Laura Bonnefous a répondu aux questions de l’image par l’image
Quand et comment avez -vous commencé la photographie ?
Mon attachement pour l’art et les arts plastiques existe depuis toujours. Dès mon plus jeune âge je développais déjà une passion pour les constructions en tout genre, je fabriquais des structures, imaginais des espaces. J’ai toujours été attirée par ce qui m’entourais, j’aimais me l’approprier et me réinventer des histoires imaginaires. D’abord support documentaire à la création de mes travaux en volume pendant mes années d’études aux Beaux Arts de Paris, j’ai commencé à photographier, au gré de mes voyages, toutes sortes de formes crées par l’homme dont certaines devenues obsolètes, dénuées de sens. J’appelais ce dictionnaire d’images, les « Formes Silencieuses ». Puis petit à petit et suite à mon séjour d’études à Los Angeles, ma pratique photographique est devenue un medium à part entière pour complétement se renverser et laisser place à la photographie que j’ai instinctivement traitée de manière sculpturale. La photographie ne formait plus la base de mes installations mais les installations devenaient le processus de construction de mes photographies.

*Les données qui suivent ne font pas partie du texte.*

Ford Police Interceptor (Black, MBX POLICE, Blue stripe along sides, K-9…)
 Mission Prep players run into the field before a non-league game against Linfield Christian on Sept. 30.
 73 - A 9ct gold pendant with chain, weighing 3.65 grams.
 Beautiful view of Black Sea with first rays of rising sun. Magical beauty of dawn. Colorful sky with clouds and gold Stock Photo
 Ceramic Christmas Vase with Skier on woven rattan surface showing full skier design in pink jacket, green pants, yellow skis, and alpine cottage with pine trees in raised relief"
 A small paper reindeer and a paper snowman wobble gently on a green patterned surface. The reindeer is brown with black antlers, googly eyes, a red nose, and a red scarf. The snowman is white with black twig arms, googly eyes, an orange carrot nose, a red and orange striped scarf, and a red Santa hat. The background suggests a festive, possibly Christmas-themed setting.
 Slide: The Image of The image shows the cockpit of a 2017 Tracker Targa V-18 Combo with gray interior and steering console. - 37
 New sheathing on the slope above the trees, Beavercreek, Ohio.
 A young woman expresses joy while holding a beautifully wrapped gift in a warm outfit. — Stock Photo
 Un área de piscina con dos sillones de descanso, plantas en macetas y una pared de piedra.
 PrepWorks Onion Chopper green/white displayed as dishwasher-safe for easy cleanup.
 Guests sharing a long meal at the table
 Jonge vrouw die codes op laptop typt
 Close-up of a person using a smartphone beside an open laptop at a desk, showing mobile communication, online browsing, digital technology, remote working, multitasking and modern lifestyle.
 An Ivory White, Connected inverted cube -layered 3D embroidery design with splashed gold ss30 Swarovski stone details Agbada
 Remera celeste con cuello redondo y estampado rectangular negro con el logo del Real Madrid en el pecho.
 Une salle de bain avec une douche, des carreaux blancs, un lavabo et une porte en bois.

C’est devenu une manière pour moi de développer mes recherches sur les relations que l’homme entretient avec son environnement car je pouvais y introduire le corps et le mouvement. Installation, performance, photographie, des médiums que je croise en permanence dans chacun de mes projets aujourd’hui.
Qu’est ce qui vous anime ?
Je suis une amoureuse des objets. J’aime me saisir de ce réel pour le transposer, le dénuder de son sens commun puis me le réapproprier et le transposer dans un paysage plus mental, plus onirique. Je dessine à partir des objets d’infinies possibilités de les transformer afin d’entrevoir le monde différemment. C’est en quelque sorte une transposition poétique de notre quotidien. Aussi les contours, les vides, les pleins, m’inspirent et m’animent plus que tout, c’est finalement les choses les plus simples qui deviennent souvent les matières premières à mes expérimentations et mes créations plastiques. Chaque expérience simple de la vie devient alors source d’inspiration, comme l’ a été le collectif Fluxus qui défendait l’idée de l’art et la vie comme terrain d’expérimentationt, tout comme les travaux littéraires de personnages comme Perec, Barthes ou Queneau qui questionnaient l’objet dans sa forme la plus essentielle.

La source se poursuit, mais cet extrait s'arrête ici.